Although I haven’t loved “Treme” as much as David Simon’s past efforts for HBO (“The Wire,” “Generation Kill,” “The Corner”), the June 6 episode — set during the first Mardi Gras following Hurricane Katrina — feels like a turning point for the series.
Thus far, the program’s myriad subplots about those trying to hold their lives together after the storm have felt intriguing but disjointed. Too much of the show, frankly, has been about capturing the city’s unique rhythms, atmosphere and music
without necessarily advancing the narrative, but that changes — or at
least comes into crisper focus — in this latest hour (the eighth of 10 for the first season).
In essence, all those parallel lines begin to intersect in more satisfying ways, while providing perhaps the
best insight yet into what distinguishes New Orleans from other places — and the fierce determination of some residents to maintain what they see not just as a home but a way of life. Watching locals dive into the pageantry and silliness of Mardi Gras has particular emotional resonance, moreover, given the recent intrusion of real-life events, with the BP oil spill delivering another man-made blow to the still-reeling Gulf.
John Goodman, in particular, has been terrific as the angry professor who takes to YouTube to vent against those who would write off the city (there’s a strong undercurrent of anger throughout), but the performances are solid from top to bottom, including Wendell Pierce as a flawed, womanizing trombone player and Khandi Alexander as his ex-wife, a bartender who has spent months trying to locate her missing brother.

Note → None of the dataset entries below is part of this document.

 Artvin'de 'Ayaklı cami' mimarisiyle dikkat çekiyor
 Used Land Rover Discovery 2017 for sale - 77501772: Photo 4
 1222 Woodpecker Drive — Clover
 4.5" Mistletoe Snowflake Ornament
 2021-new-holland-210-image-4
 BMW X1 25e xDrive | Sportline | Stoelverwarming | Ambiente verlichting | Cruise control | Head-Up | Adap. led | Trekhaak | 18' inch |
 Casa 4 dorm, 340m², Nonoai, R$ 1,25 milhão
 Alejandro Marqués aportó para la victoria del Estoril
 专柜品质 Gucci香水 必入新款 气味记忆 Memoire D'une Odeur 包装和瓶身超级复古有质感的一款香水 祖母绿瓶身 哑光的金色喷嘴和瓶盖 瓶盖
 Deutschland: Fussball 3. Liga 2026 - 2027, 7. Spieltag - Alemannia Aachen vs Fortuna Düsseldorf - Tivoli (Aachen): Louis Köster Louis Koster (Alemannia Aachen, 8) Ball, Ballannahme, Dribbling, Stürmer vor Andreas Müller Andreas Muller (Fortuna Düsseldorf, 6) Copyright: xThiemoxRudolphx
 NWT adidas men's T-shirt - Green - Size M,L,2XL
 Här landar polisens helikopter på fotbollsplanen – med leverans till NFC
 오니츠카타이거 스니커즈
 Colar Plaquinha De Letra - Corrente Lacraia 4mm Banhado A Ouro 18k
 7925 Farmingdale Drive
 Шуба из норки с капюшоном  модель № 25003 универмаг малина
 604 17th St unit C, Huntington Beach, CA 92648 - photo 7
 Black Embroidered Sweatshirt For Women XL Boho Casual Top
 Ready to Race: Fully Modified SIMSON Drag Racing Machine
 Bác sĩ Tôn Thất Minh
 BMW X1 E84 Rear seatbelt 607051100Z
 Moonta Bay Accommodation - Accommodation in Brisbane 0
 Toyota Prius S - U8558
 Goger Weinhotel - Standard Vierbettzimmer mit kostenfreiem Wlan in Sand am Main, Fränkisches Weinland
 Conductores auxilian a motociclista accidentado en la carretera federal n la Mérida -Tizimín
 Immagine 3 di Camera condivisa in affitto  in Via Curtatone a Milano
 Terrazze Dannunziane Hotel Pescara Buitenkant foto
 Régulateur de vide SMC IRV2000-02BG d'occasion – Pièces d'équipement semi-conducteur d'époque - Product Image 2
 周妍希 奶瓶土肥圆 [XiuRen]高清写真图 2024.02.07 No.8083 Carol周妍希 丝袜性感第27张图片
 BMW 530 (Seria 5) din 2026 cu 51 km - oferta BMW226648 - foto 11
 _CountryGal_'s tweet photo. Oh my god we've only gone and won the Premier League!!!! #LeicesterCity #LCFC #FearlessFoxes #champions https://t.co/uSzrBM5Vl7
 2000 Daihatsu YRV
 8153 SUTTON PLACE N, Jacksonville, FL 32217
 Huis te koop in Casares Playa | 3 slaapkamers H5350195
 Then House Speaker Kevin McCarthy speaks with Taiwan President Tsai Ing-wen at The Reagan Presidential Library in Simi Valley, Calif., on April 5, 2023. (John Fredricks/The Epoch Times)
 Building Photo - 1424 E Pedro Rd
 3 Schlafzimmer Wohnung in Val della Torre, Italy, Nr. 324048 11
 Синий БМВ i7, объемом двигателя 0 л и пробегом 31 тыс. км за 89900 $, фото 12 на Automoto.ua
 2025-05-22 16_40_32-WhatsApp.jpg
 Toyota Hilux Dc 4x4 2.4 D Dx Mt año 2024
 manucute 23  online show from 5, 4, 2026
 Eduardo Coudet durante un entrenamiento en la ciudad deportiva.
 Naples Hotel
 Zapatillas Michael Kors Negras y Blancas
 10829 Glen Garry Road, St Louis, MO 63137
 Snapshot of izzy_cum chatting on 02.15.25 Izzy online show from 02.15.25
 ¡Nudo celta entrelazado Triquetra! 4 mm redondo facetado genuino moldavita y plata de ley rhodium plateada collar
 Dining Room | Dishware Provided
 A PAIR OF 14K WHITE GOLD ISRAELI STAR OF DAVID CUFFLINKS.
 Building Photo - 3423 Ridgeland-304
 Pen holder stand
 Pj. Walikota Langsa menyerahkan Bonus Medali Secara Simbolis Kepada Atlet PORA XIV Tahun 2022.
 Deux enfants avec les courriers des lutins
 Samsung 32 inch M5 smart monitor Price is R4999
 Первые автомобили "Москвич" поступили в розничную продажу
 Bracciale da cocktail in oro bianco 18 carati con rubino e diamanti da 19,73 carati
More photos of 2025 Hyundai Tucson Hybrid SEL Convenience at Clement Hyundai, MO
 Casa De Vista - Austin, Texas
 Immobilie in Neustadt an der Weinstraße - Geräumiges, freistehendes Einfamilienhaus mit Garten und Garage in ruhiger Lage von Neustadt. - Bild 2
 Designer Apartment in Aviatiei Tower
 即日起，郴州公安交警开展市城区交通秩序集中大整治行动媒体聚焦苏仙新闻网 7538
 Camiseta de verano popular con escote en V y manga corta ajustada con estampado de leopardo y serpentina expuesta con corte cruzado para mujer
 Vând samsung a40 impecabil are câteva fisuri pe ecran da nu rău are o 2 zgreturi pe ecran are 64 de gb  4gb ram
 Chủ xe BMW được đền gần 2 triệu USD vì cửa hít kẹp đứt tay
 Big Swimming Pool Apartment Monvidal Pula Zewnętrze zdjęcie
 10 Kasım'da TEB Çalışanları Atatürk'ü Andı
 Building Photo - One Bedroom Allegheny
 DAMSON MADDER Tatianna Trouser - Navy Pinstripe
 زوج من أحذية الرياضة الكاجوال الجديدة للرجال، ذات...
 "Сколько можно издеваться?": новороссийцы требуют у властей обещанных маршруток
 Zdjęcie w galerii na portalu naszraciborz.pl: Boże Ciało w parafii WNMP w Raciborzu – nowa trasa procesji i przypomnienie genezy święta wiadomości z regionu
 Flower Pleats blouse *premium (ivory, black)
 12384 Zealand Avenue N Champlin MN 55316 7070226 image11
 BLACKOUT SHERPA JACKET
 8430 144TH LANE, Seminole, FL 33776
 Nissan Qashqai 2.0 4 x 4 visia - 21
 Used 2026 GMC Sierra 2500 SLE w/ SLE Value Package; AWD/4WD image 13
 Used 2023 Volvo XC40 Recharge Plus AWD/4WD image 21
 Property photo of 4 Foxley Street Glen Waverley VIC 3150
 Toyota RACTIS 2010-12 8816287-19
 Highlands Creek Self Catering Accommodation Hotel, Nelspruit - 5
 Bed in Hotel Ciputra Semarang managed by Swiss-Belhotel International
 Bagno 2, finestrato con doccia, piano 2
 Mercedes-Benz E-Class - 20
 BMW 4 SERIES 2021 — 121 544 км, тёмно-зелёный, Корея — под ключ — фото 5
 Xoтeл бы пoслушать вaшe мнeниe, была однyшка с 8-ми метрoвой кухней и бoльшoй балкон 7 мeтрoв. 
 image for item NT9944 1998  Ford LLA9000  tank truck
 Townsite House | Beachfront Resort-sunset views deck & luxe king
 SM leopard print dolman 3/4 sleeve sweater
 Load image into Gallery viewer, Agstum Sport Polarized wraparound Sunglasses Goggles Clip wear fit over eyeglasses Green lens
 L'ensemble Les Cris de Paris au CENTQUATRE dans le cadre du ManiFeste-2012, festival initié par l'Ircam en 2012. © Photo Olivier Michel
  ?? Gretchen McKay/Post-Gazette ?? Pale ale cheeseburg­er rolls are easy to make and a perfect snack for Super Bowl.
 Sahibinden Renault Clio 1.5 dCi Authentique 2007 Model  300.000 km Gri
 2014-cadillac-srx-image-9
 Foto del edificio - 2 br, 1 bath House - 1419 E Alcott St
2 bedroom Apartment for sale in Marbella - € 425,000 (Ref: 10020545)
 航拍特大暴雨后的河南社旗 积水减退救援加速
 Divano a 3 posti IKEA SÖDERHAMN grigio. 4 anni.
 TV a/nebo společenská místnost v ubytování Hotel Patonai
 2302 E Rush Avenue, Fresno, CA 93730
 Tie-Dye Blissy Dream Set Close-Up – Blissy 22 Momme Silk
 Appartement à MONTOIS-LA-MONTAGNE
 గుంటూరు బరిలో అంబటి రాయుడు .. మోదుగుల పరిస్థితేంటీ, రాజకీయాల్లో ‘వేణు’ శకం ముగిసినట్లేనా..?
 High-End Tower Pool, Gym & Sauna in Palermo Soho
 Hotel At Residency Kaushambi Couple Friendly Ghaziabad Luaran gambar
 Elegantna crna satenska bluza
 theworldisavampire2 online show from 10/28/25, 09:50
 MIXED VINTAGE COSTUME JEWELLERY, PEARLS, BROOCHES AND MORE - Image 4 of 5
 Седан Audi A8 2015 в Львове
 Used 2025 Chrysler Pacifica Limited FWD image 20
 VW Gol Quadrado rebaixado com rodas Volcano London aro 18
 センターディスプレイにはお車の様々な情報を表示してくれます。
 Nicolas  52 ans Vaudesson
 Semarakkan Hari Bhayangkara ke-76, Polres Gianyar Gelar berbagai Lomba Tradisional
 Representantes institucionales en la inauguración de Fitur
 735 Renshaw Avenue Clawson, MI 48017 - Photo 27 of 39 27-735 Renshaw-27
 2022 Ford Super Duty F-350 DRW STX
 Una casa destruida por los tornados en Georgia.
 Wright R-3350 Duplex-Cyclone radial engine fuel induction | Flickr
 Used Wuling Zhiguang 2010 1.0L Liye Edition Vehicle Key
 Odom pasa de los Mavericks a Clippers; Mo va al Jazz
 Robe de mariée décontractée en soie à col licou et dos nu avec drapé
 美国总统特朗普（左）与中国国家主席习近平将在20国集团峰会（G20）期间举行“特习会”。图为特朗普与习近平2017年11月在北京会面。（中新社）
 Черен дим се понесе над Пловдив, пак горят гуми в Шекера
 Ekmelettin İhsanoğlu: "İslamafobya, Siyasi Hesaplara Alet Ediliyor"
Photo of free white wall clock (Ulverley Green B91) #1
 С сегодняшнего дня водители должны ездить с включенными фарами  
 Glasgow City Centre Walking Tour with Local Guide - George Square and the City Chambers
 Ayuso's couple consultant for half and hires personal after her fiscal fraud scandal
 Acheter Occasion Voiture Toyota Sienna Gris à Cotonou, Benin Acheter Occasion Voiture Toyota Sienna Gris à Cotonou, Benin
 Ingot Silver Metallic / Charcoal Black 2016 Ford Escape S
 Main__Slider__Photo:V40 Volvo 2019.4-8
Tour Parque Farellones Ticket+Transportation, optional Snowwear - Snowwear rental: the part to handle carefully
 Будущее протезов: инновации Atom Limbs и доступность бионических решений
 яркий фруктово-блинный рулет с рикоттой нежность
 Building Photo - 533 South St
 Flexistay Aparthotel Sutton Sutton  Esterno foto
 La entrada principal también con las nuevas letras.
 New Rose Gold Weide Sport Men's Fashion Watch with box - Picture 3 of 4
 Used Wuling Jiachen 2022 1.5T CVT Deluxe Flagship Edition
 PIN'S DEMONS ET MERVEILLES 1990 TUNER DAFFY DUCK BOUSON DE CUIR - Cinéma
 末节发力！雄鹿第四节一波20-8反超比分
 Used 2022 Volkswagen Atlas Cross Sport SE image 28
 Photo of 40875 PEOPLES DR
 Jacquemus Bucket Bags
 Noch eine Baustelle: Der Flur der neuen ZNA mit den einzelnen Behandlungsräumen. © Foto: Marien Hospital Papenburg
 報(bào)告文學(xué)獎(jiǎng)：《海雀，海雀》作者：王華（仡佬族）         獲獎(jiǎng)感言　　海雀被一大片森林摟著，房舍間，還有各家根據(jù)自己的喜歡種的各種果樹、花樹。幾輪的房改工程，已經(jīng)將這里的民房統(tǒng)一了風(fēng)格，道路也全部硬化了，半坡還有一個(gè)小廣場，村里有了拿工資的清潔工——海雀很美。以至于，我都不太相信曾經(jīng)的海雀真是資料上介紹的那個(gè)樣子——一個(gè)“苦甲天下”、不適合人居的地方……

“Treme” will pass the baton to “True Blood,” a much easier-to-absorb HBO drama, with generous dollops of sex and gore. Yet even when they fall short, Simon’s shows go a long way toward distinguishing the pay channel from everything else on television. I mean, everybody is trying to get a piece of sexy vampires, but virtually no one else would dare to tackle a concept as challenging and uncompromising as this.